FTS5 gives you BM25 relevance ranking, porter stemming, prefix queries, phrase matching, and boolean operators — built into SQLite, not a separate library. a mandex .db file is queryable with any SQLite client in any language. Python’s sqlite3, Rust’s rusqlite, the sqlite3 CLI.

there’s a nice side effect: if mandex as a project ceased to exist, every published package would still work. the files are standard SQLite databases. no proprietary encoding, no format-specific decoder. SQLite has backwards compatibility commitments through 2050.

download and sync

packages are compressed with zstd — documentation is highly compressible, so a 20MB package ships as 2-4MB. each download is an HTTP GET to a CDN edge node. no auth, no API server, no query processing.

packages live in a global cache (~/.mandex/cache/), shared across projects. two projects using react @19.1.0 download it once. same model as pnpm’s content-addressable store.

the per-project behavior comes from mx sync. it reads your dependency files — package.json, requirements.txt, Cargo.toml, pyproject.toml, go.mod — resolves each to a mandex package, downloads what’s missing, and writes a project-local manifest.

$ mx sync
  Reading package.json...
  Resolved 14 dependencies to mandex packages
 react @19.1.0          2.1 MB  [===========] done
 next @14.2.0           4.7 MB  [===========] done
 tailwindcss @4.1.0     1.8 MB  [===========] done
 tanstack-query @5.0   1.2 MB  [===========] done
  ... (10 more)
  Synced 14 packages in 1.4s

when mx search runs inside a project, it queries only the packages in that project’s manifest. 50 packages in your global cache, but a search in your Next.js project only hits the 14 that matter.

a note on sub-agents

search has a ceiling. FTS5 can surface the right sections, but it can’t synthesize across them — and for complex questions, the answer often lives across three or four entries.
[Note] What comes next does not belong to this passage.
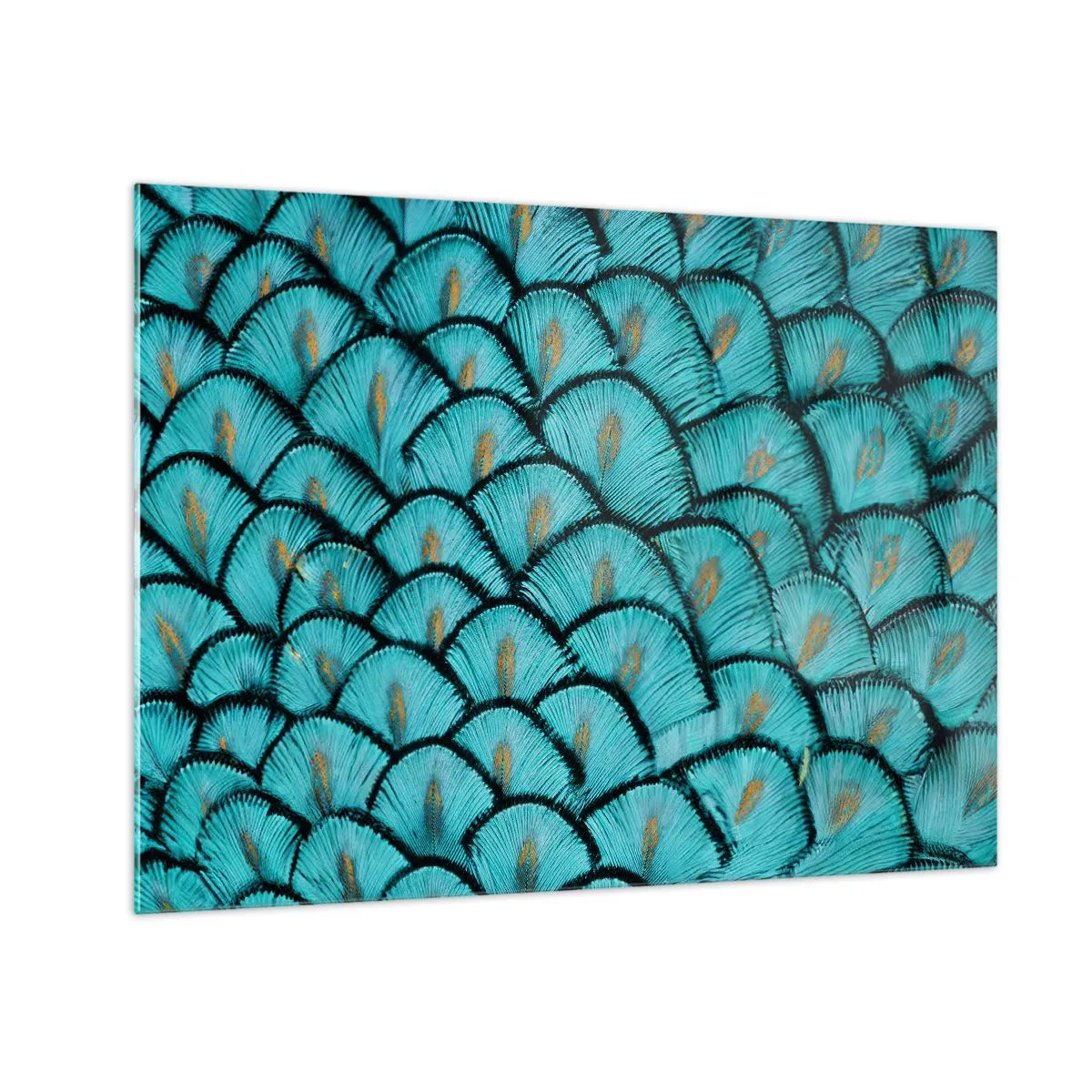 Cuadro sobre vidrio - Impresiones sobre Vidrio - Un primer plano de plumas de pavo real turquesa que forman un patrón decorativo. - 70x50cm - La gran gala de las plumas - Decoración de pared moderna para salón y dormitorio ARTTOR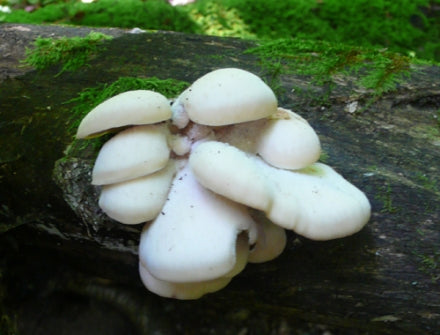 Cream of oyster mushroom and pine nut soup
why not use better search? embedding models, rerankers, LLM-based query expansion would all beat BM25. but they need significant memory, compute, or an API key. a good embedding model takes 500MB of RAM. that’s not appropriate for a CLI tool that should start in 5ms.

sub-agents change this. Claude Code can run four or five mx search calls in parallel, read the results, and reason across them. the sub-agent does the synthesis; mandex provides the raw material. the LLM doing the synthesis is already running, already paid for, and already has the context to know which results matter.

this is why mandex doesn’t need perfect search ranking. even imperfect BM25 results over local, version-pinned documentation beat asking an agent to hallucinate from stale training data.

getting started

mandex is written in Rust. single static binary called mx.

curl -fsSL https://mandex.dev/install.sh | sh

the installer detects your platform, drops the binary in ~/.local/bin, configures your PATH, then runs mx init — which auto-detects your AI coding tools (Claude Code, Cursor, Windsurf, Codex) and installs skills for each one. one command, everything wired up.

cd your-project
mx sync               # installs docs for all detected dependencies
mx search nextjs "middleware"

the format is SQLite. the packages are portable. the source is open. everything works offline after the initial download.


agents need documentation to write correct code. the documentation exists. the missing piece was never the content — it was the distribution model. package it, version it, distribute it through infrastructure that scales to zero marginal cost. then let agents query it locally, as many times as they need, without asking anyone’s permission.